The measure, proposed by leading lawmakers on the House Armed Services Committee, would apply to both offensive and defensive operations launched by the Pentagon to “defeat an ongoing or imminent threat,” according to the text of the six-page bill.
The draft law allows two exceptions — if the cyberweapons are launched during a training exercise, or authorized under covert action.
Presumably, operations that are highly sensitive and intelligence-led would not be revealed until they are completed.
“While there are programs that must necessarily remain classified to keep the country safe,” said Mac Thornerry (R-TX), chairman of the House Armed Services Committee, in a statement, “Congress still has a responsibility to conduct appropriate oversight in order to protect our security and our essential freedoms at the same time. This proposal to enhance congressional oversight of sensitive military cyber operations and cyber weapons will help achieve that balance by promoting greater transparency and accountability for some of the most classified elements of our national defense.”

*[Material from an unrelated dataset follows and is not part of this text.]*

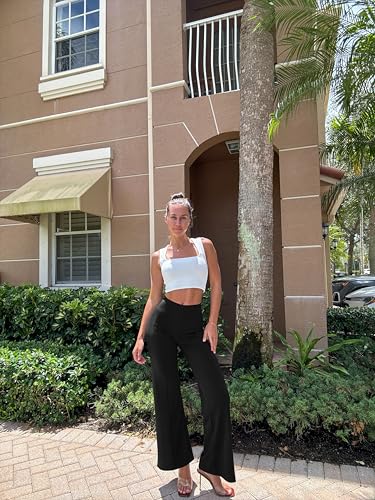 OQQ Women Wide Leg Pants High Waist Casual Pants Fall Clothes Outfits3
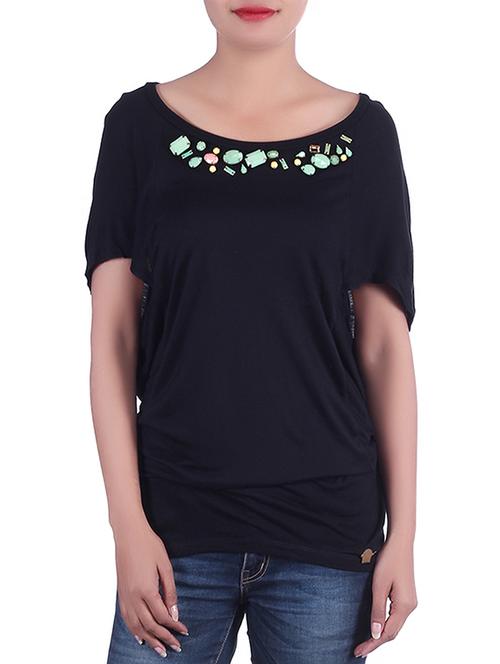 black viscose top - 9973779 - Very Small Image - 1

The previous Obama-led government only recently confirmed its use of cyberweapons, such as exploits and technologies used at disrupting the activities of the so-called Islamic State, other terrorist groups, and also including some hostile nation states.
But their efficacy has long been called into question. A report by The New York Times this week, citing former US officials, said that the government’s cyberweapons have largely led to “disappointment.”
It’s the latest in a series of legislative proposals in recent weeks aimed at greater oversight and curtailing the use of the government’s cyberweapons.